On Thu, 2002-11-14 at 15:52, Chris Wedgwood wrote:
> The TSC's aren't synchronized between CPUs.
>
> This is becoming more and more of a problem and in-escapable on some
> hardware so I'm starting to wonder if assuming the TSCs are even
> roughly synchronized *anywhere* is a good idea.

So this is a hardware issue? no way around this?

-Paul Larson


Attachments:
signature.asc (240.00 B)
This is a digitally signed message part

2002-11-18 21:56:04

by Chris Wedgwood

[permalink] [raw]
Subject: Re: LTP - gettimeofday02 FAIL

On Mon, Nov 18, 2002 at 11:34:04AM -0600, Paul Larson wrote:

> So this is a hardware issue? no way around this?

For some people it is a hardware issue. The way around is not not use
the TSC for certain things.


--cw

2002-11-19 01:21:05

by Jim Houston

[permalink] [raw]
Subject: Re: LTP - gettimeofday02 FAIL


Hi Everyone,

I just tried gettimeofday02 on an old pentium-pro dual processor, and yes
the time goes backwards with a 2.5.48 kernel.

I believe that this is the result of lost ticks. It has gotten much
easier to lose a tick since HZ was changed to 1000. When the timer
interrupt is delayed, the other processors will continue to keep reasonable
time (based on the TSC), but when the timer interrupt eventually happens,
it will add one tick's worth of nanoseconds to xtime.tv_nsec and set
last_tsc_low to the current tsc value. The other processors now base
their time on this new last_tsc_low and will see time go backwards.
I accidentally configured in the ACPI power management code and was
disappointed to find that it routinely caused a 9 milli-second interrupt
lock-out (on my 1GHz Athlon).
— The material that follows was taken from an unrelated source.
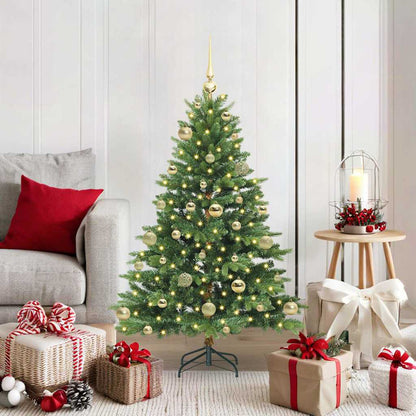 Artificial Christmas Tree with 150 LEDs PE and PVC Green 120 cm with LEDs &gold balls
With the old 100 Hz clock, this delay would
be detected by reading the PIT timer. With 1000 Hz, the timer would reload
several times and all we see is a fraction of a tick.

I'm interested in this because I'm working on my "alternative Posix timers
patch". It gets confused when time backs up.

Jim Houston - Concurrent Computer Corp.

2002-11-19 11:57:01

by Andi Kleen

[permalink] [raw]
Subject: Re: LTP - gettimeofday02 FAIL

Jim Houston <[email protected]> writes:

> I believe that this is the result of lost ticks. It has gotten much
> easier to lose a tick since HZ was changed to 1000. When the timer
> interrupt is delayed, the other processors will continue to keep reasonable
> time (based on the TSC), but when the timer interrupt eventually happens,
> it will add one tick's worth of nanoseconds to xtime.tv_nsec and set
> last_tsc_low to the current tsc value. The other processors now base
> their time on this new last_tsc_low and will see time go backwards.

It could be detected by keeping a per cpu last_tsc.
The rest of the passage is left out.